Raw data:
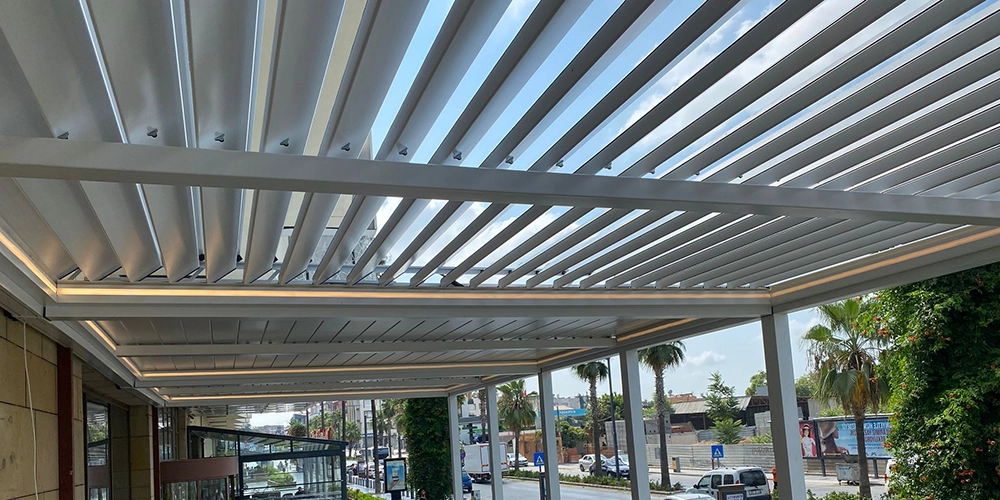 Hakkari Rolling Roof Sistemleri: Zirvelerin Sert İklimine Özel Dayanıklı Çatılar Hakkari Rolling Roof Sistemleri: Zirvelerin Sert İklimine Özel Dayanıklı Çatılar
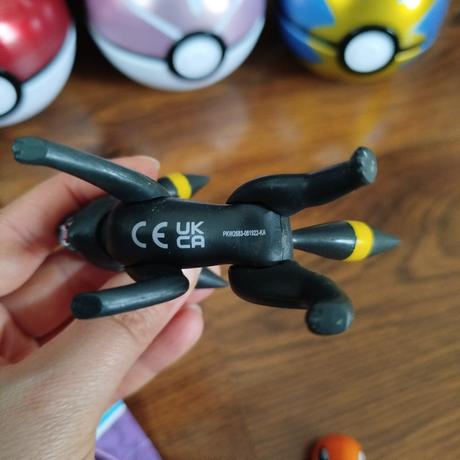 Balík hračiek pokémon,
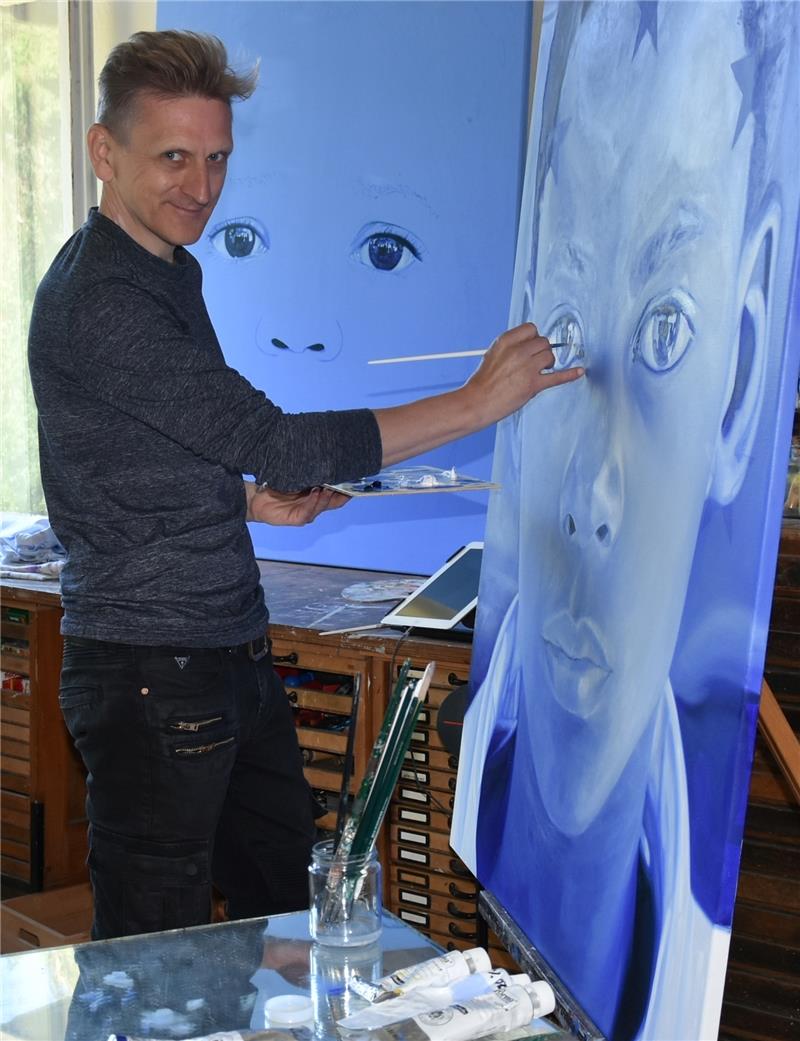 Im Atelier in Immenbeck : Frank Rosenzweig bei der Arbeit an einem großflächigen Kinderporträt. Foto Felsch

Exercise requirements: When you copy the lines above, drop the pictures and keep everything else exact.

Task output:
 Hakkari Rolling Roof Sistemleri: Zirvelerin Sert İklimine Özel Dayanıklı Çatılar Hakkari Rolling Roof Sistemleri: Zirvelerin Sert İklimine Özel Dayanıklı Çatılar
 Balík hračiek pokémon,
 Im Atelier in Immenbeck : Frank Rosenzweig bei der Arbeit an einem großflächigen Kinderporträt. Foto Felsch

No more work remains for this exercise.